### Provided material
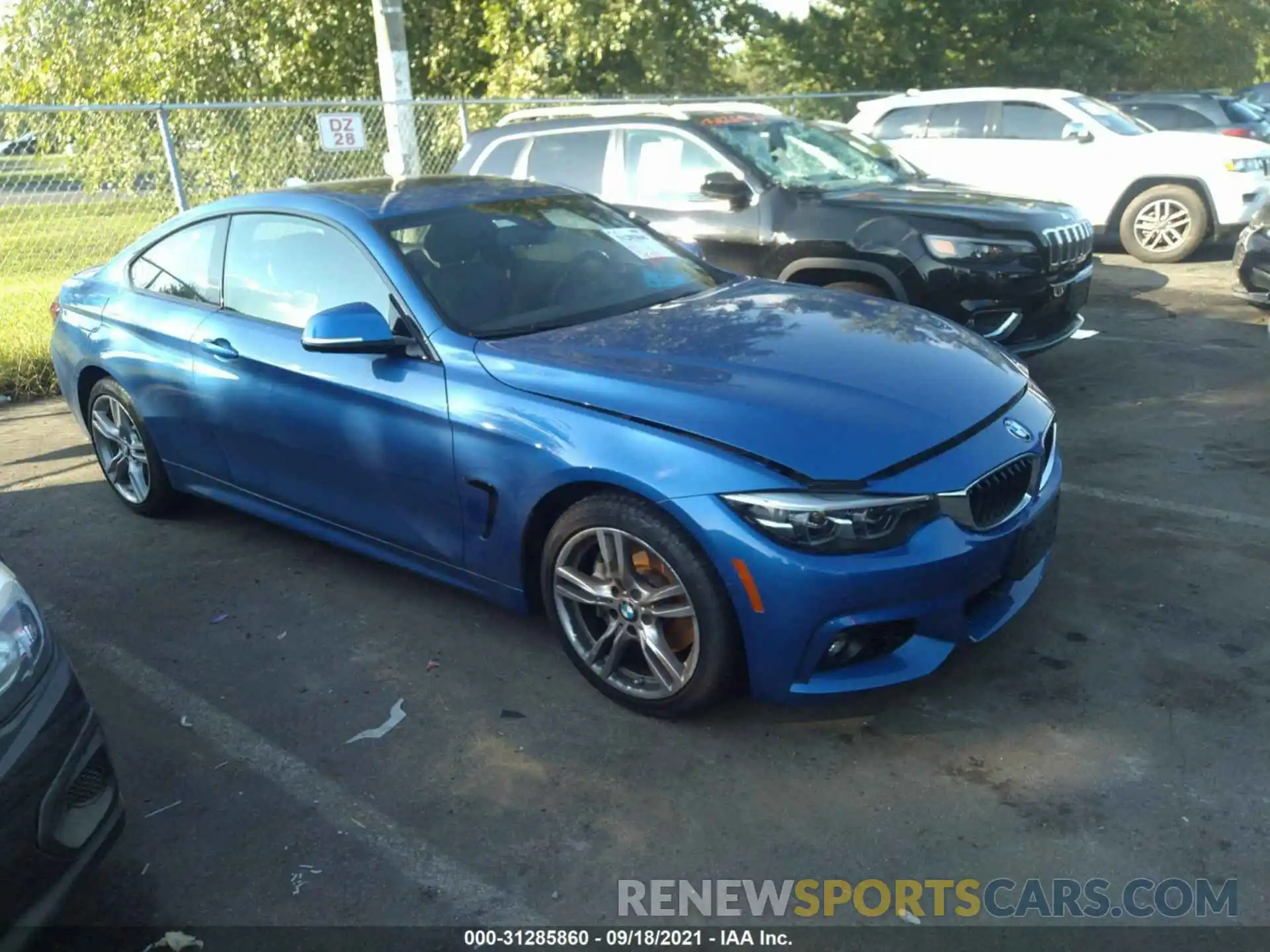 1 Photograph of a damaged car WBA4W9C0XLAG90080 BMW 4 SERIES 2020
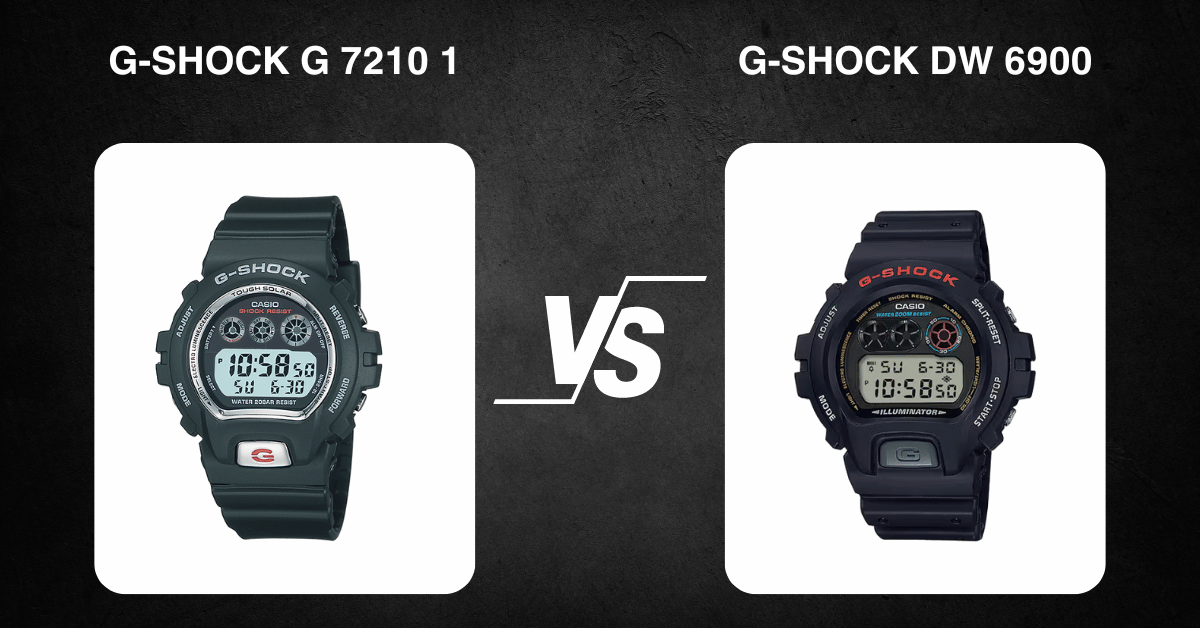 G-Shock G 7210 1 Vs G-Shock Dw 6900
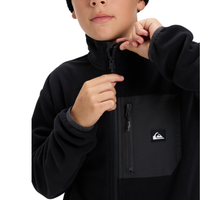 Quiksilver - Ice Fields FZ Youth - Black - Fleece Jacke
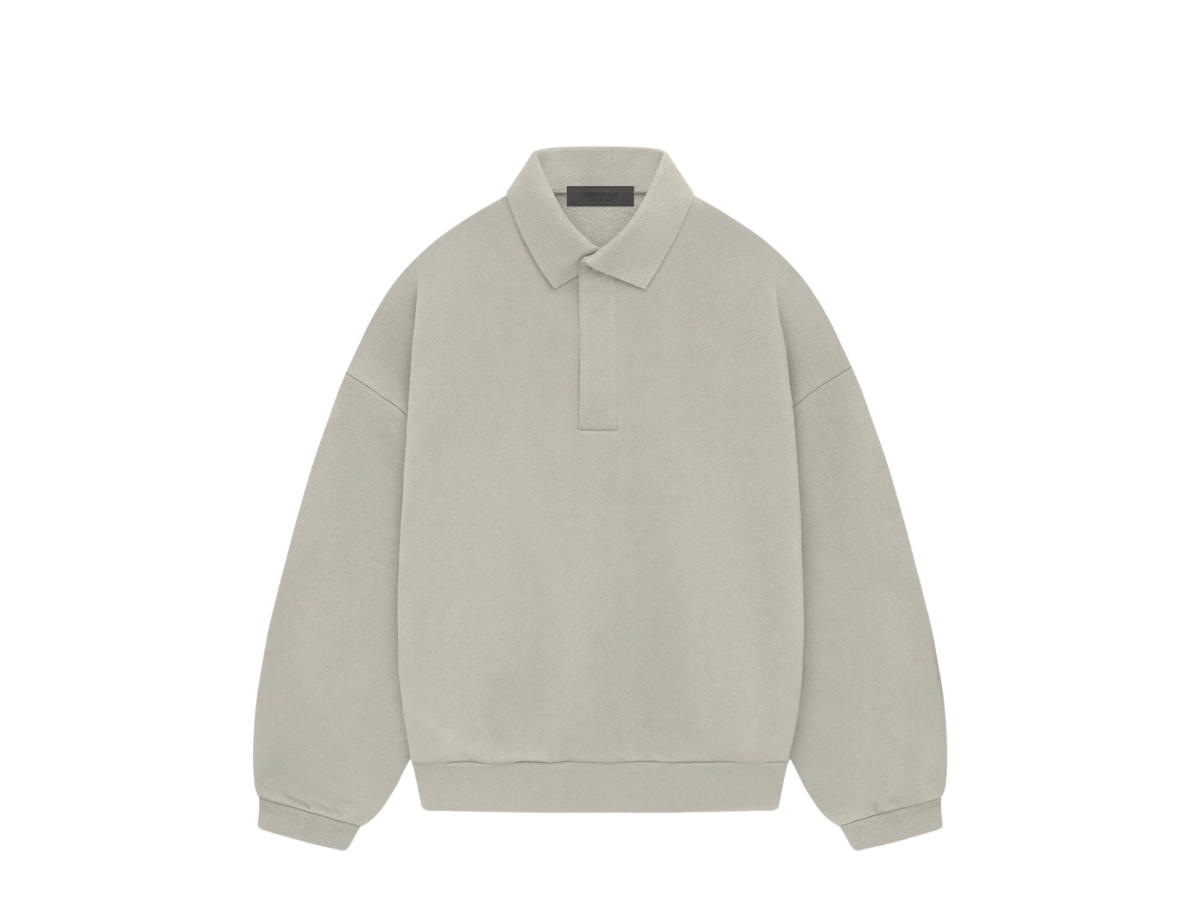 Fear of God Fear of God Essentials Longsleeve Polo Seal (SS24)
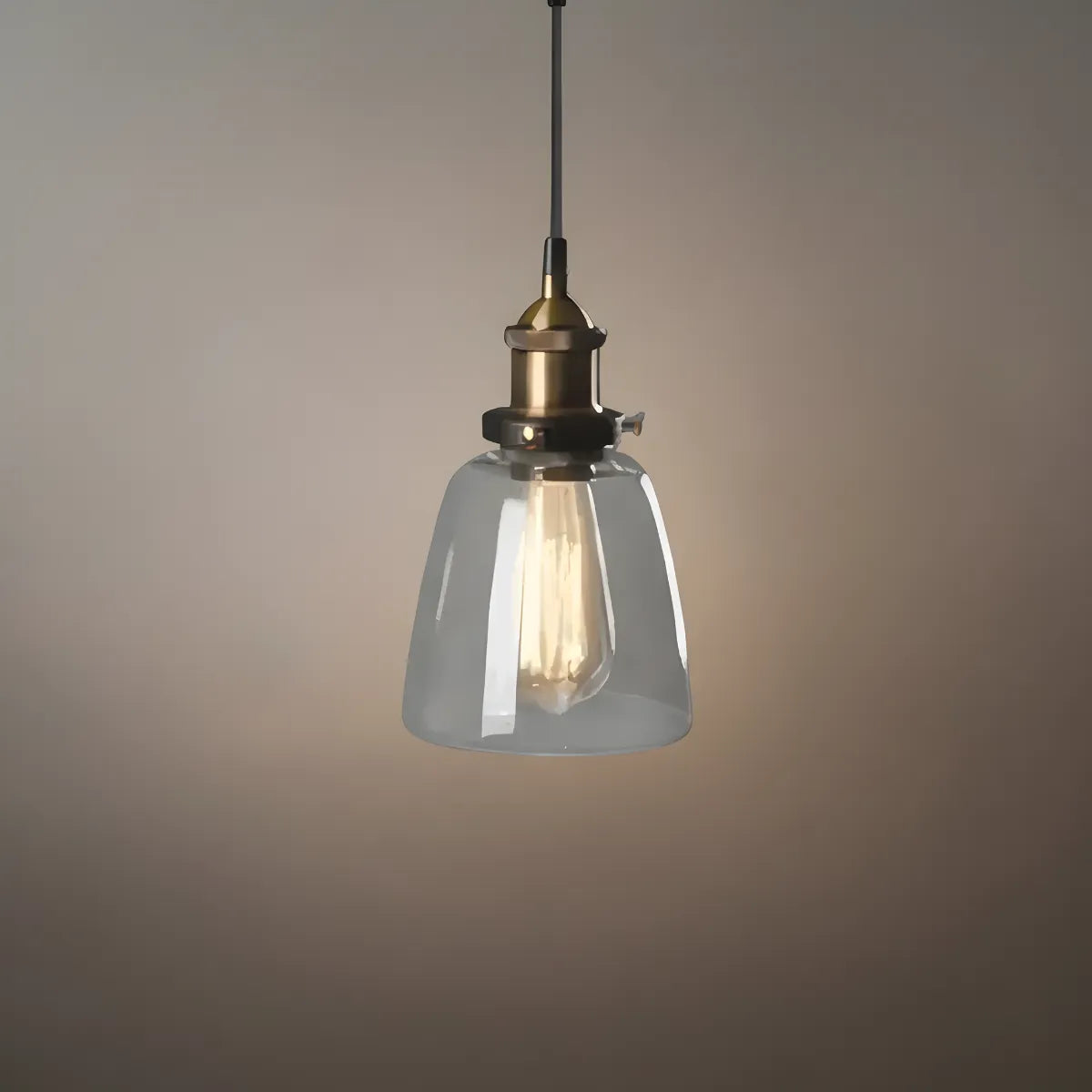 Irondale Industrial Glass Pendant Light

### Work order
Exact repetition of the material above is required, with the images removed.

### Reply to the task
 1 Photograph of a damaged car WBA4W9C0XLAG90080 BMW 4 SERIES 2020
 G-Shock G 7210 1 Vs G-Shock Dw 6900
 Quiksilver - Ice Fields FZ Youth - Black - Fleece Jacke
 Fear of God Fear of God Essentials Longsleeve Polo Seal (SS24)
 Irondale Industrial Glass Pendant Light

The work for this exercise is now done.